Anyways, if anybody's got some input on smoking pangasius, I'm all ears... or whiskers!

http://en.wikipedia.org/wiki/Pangasius


----------



## brayhaven (Oct 21, 2014)

Those are "farm" raised catfish from se Asia. There was a documentary on the web a while back. If you knew what they feed them, you'd think twice about eating them :). 
I only eat wild caught fish.  I'll take the mercury any day :)
Greg


----------



## thinblueduke (Oct 21, 2014)

Greg,

I haven't seen the one you're talking about, but I usually take web-based documentaries with a grain of salt, or a full shaker's worth.  There's a lot of corporate-funded and politically-funded disinformation on the web.  In this case, I wouldn't be surprised if someone was worried about losing market share.

Thanks for your input, though.  I'm glad I didn't ask about hot dogs.  Those wild-caught wieners are getting harder and harder to find these days.


----------



## brayhaven (Oct 22, 2014)

thinblueduke said:


> Greg,
> 
> I haven't seen the one you're talking about, but I usually take web-based documentaries with a grain of salt, or a full shaker's worth.  There's a lot of corporate-funded and politically-funded disinformation on the web.  In this case, I wouldn't be surprised if someone was worried about losing market share.
> 
> Thanks for your input, though.  I'm glad I didn't ask about hot dogs.  Those wild-caught wieners are getting harder and harder to find these days.

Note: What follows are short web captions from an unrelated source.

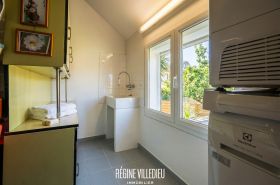 Maison de plain-pied avec garage et jardin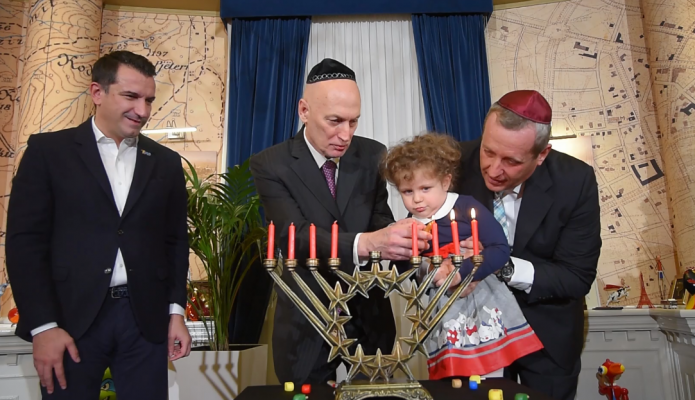 Festa e hebrenjve në Tiranë, Veliaj merr pjesë në festivalin e dritave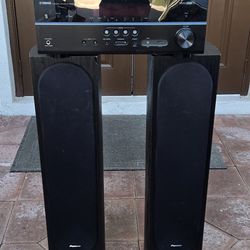 Yamaha Receiver Rx - V579 And 2 Pioneer Speakers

Well, it's certainly your call. Of course the propaganda is in both directions as the Vietnamese attempt to assure the world their fish are pure and safe :o). Their government funds the PR efforts. Our catfish farmers have produced some documentaries also, showing the conditions the fish are raised in.. 

The indisputable facts are that they are raised mostly in the Mekong river which has areas that are severely polluted.  Many of the cages are located down stream from populated villages where the high "nutrient" content of the water reduces feed bills :o). The waterfront homes have holes in the floor for toilets, the off water areas are served by open sewers that drain to the river.  Industrial pollution is also rampant in areas of commericial production. There are no standards of raising the fish as we have here in terms of water quality, feed, fish concentrations or handling procedures, during processing.. etc etc. The new farm bill this year is supposed to address some of these shortcomings, but there is skepticism it will do anything.  The fish farming & processing itself is causing pollution.

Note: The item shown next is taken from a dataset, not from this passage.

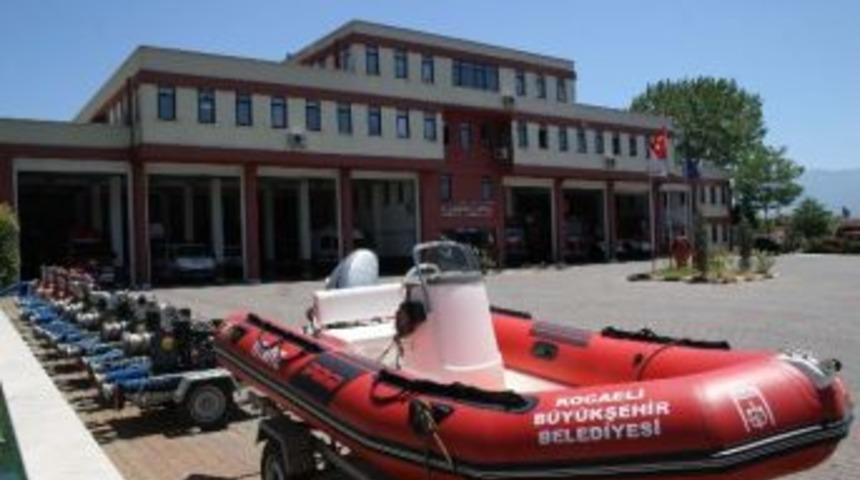 Kocaeli İtfaiyesi Filosunu Modern Ara&ccedil;larla G&uuml;&ccedil;lendiriyor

I spent time on the Mekong River many years ago and it always smelled like raw sewage.  That was when the country had a population of 17 million.  It's quadrupled from that now, much of that along the river.  

I don't even eat farm raised fish here in the US, mainly because I don't like the texture or flavor as well as wild caught. 

But, it's an individual choice.  They're shipping a lot of that stuff and somebody has to eat it :o).

Greg


----------